Афоня. Предтеча

Лариса Бесчастная
            
            Начало: http://www.proza.ru/2013/02/08/33
            
            
            2.
            
            Декабрь изо всех сил старался должным образом исполнять свои обязанности, но что-то у него не заладилось. Нет, поначалу-то ему удалось приодеть улицу в белоснежный наряд, даже обе дороги покрылись зимним накатом, располосованным шинами и отороченным снежной опушкой обочин. Стройные ряды одноэтажных домов частного сектора, стоящие в трёх метрах от дорог, кокетливо повязали уголком белые платочки, во дворах поселились наспех слепленные снеговики.
            Несколько классически зимних дней преобразили микрорайон и подняли настроение жителей, уставших от слякоти и туманов. А в воскресенье, когда нежданно-негаданно случился у Поэта звёздный час, с самого утра небо налилось пронзительной весенней синевой, и щадящий мороз  подсушил воздух, отчего тот зазвенел обещанием радости.
            За день Афоня ни разу не вздремнул, в непонятной ему истоме наблюдая за перекрёстком. Улицы жили, словно в замедленном темпе, синхронно с лениво парящими снежинками. Народу же, против обыкновения, было не те так уж и мало – кроме встречных немноголюдных потоков по обеим дорогам, во дворах и у калиток копошились жители, убиравшие  излишки снега. Хотя какие там излишки за несколько малоснежных дней? Так, для порядка и для настроения, взялись хозяева за лопаты – просто по настоящей зиме соскучились…
            
            
            Поэт появился непривычно рано, примерно за час до подачи электропитания. Истомившийся ожиданием Афоня  пожалел, что не мог порадовать друга сиянием радости. Но Поэт и без того был весел, энергичен и явно в ударе. Он смеялся и чеканил стихи одно за другим. И в увлечении не заметил, как возле них с Афоней, на обеих сторонах улицы, стал собираться народ.

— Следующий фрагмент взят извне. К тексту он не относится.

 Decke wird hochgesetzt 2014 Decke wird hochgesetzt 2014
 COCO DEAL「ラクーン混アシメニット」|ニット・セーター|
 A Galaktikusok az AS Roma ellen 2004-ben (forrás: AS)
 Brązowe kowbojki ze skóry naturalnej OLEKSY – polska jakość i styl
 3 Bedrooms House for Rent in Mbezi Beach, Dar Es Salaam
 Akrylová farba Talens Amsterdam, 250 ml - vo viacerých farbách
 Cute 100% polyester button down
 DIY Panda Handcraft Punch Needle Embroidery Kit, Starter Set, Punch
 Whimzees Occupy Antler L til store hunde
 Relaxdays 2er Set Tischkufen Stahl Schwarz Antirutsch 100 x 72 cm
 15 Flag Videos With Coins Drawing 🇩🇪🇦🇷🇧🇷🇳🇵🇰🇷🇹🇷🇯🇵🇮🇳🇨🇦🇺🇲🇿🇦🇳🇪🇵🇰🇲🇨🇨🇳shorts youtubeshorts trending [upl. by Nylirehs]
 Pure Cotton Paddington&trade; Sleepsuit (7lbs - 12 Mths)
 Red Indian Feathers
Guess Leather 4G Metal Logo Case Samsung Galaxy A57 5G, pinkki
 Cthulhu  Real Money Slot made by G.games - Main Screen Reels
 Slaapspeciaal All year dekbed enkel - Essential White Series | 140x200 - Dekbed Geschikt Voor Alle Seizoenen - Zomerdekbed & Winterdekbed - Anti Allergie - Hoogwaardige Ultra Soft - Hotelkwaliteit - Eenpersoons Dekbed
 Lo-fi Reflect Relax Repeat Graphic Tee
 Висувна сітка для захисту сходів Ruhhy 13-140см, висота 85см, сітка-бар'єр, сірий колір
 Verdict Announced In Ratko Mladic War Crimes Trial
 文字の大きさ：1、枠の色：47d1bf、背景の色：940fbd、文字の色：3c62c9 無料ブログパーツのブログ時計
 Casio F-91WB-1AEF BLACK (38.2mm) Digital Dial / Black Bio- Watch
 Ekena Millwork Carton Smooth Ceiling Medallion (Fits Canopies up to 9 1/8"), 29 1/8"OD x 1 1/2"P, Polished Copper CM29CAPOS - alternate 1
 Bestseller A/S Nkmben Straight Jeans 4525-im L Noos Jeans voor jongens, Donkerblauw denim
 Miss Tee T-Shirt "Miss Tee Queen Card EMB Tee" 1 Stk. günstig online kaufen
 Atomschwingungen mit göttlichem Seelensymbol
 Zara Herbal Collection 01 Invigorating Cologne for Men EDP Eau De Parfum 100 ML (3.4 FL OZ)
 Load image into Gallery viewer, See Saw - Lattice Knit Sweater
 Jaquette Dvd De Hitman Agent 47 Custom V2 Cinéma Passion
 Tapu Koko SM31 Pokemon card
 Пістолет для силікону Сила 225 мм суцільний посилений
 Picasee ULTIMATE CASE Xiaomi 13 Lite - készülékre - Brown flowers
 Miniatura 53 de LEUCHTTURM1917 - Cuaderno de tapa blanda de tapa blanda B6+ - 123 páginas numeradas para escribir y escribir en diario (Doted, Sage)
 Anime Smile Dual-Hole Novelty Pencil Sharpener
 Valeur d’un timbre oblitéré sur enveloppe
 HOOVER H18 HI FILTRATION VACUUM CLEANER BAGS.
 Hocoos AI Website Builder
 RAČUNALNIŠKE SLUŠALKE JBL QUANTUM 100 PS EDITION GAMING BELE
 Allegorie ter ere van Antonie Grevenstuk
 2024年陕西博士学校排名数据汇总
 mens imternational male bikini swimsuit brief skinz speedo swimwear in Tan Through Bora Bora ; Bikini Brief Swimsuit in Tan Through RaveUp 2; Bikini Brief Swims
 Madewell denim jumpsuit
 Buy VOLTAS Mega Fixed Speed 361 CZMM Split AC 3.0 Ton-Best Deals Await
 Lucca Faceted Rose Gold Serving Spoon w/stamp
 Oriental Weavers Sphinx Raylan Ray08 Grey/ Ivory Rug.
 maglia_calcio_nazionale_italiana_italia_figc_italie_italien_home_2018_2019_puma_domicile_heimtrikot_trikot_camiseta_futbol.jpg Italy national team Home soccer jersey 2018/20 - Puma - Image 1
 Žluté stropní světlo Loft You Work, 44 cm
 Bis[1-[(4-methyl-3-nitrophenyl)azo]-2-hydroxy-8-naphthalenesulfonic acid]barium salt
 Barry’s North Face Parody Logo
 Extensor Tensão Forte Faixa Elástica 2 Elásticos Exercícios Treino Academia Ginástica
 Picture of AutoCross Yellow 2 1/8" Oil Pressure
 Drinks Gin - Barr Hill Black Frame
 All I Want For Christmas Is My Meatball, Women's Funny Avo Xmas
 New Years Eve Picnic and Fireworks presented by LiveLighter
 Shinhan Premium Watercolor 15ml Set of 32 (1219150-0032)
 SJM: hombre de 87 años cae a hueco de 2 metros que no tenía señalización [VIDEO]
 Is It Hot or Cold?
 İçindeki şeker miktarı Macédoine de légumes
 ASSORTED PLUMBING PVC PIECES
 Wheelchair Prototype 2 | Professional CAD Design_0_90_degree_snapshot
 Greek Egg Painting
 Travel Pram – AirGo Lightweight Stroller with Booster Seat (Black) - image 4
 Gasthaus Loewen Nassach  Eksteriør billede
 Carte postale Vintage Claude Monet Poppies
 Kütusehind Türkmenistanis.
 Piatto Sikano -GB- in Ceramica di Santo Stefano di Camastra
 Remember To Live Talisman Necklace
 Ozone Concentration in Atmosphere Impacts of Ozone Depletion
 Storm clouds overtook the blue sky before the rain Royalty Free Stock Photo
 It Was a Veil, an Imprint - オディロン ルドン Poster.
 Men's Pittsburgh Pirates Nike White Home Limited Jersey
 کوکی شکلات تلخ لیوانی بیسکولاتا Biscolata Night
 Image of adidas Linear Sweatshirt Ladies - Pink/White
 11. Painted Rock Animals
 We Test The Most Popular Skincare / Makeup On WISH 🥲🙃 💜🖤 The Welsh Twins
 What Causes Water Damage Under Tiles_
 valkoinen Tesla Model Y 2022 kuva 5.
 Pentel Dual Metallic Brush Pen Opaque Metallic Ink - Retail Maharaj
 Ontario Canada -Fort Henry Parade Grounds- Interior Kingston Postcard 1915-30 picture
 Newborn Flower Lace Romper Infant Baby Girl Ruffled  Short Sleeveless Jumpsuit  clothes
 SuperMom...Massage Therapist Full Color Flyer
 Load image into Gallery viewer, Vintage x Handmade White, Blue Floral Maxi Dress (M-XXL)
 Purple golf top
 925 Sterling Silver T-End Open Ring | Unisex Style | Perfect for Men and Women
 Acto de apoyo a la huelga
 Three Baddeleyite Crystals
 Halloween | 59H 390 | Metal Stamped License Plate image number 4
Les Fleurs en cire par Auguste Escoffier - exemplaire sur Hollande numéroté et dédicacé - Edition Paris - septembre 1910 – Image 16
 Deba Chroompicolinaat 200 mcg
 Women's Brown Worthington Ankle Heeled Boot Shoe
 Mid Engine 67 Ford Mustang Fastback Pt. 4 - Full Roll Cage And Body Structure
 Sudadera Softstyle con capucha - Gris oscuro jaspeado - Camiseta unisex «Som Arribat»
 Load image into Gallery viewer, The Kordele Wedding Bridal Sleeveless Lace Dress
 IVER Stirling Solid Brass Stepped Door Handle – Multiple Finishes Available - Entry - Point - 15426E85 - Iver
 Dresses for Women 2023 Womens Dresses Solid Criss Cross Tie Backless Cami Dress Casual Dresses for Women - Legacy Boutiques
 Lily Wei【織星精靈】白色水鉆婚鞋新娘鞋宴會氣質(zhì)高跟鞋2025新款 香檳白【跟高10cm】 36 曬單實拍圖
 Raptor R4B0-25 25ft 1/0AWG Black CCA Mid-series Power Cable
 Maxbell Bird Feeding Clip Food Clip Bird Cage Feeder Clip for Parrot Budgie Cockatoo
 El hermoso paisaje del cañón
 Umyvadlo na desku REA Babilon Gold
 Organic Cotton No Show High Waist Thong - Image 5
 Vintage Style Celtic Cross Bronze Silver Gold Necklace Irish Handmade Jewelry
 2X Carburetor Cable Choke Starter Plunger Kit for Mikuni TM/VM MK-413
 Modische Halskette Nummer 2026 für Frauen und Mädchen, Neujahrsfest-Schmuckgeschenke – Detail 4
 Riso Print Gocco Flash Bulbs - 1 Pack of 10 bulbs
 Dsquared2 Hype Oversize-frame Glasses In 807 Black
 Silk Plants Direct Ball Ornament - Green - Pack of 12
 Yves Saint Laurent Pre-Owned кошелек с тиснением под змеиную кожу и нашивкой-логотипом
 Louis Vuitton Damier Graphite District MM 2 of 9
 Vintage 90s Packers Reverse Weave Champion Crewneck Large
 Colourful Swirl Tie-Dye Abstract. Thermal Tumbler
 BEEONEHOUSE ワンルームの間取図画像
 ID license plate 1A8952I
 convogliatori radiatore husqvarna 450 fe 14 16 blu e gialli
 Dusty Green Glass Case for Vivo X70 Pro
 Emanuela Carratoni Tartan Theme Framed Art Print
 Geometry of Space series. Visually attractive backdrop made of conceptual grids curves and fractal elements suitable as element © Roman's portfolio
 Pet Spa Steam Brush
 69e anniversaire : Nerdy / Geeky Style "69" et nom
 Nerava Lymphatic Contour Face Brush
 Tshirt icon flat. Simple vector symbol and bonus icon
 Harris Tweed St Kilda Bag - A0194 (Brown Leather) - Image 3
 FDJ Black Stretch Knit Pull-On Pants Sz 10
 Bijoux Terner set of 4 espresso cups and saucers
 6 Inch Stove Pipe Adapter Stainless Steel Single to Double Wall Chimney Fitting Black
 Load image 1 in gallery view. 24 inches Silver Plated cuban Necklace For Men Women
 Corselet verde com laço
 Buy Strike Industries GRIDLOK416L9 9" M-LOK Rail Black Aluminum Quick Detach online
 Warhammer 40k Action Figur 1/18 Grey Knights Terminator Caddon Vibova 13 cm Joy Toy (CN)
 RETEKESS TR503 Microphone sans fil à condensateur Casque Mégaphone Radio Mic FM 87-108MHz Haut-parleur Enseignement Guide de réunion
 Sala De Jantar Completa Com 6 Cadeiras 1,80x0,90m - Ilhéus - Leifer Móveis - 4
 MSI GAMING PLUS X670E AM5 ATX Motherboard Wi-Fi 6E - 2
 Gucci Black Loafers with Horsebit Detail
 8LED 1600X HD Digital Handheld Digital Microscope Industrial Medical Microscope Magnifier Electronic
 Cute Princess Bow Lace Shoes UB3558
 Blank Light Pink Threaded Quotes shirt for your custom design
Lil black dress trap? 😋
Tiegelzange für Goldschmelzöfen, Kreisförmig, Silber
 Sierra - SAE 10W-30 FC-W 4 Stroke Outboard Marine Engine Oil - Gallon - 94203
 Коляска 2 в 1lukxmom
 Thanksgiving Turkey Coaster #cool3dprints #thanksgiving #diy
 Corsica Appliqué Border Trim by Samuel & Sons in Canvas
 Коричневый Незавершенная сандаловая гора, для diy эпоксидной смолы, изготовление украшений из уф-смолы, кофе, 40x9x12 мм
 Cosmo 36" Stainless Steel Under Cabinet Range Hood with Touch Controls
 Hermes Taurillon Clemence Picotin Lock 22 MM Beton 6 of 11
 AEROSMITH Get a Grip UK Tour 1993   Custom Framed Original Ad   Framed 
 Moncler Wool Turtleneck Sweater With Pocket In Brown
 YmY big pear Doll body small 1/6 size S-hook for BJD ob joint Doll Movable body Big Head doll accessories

            Что именно читал Поэт в тот день нежданным слушателям, Афоня плохо помнил – разве что некоторые стихи, после которых происходило что-то особенное. Он ведь не всё понимал, а просто откликался на ритмы улицы и её обитателей. И потому запомнились ему строки про парус, вызвавшие одобрительный гул публики:
            
            Промыслом Божьим, верно,
            полнится Слов парус
            острым пером нерва
            вкупе с кормилом пауз.
            Звёзд и фонем блики,
            буквы в слова плавят,
            светом с хоругвей лики
            строки стихов правят...
            
            Именно во время чтения этих строк Афоня заметил сияющие звёздной ночью глаза мальчишки лет пяти и так залюбовался ими, что, отвлекшись, всё стихотворение про парус не услышал, как, впрочем, и другое, которое Поэт прочёл после нескольких бравурных и бодрящих творений. Запомнились лишь четверостишья, прозвучавшие с неподдельной печалью:
            
            Стволы как дула проткнули небо,
            зима продула и быль и небыль,
            и мы забыли в миру бесславном,
            как дружно жили  совсем недавно.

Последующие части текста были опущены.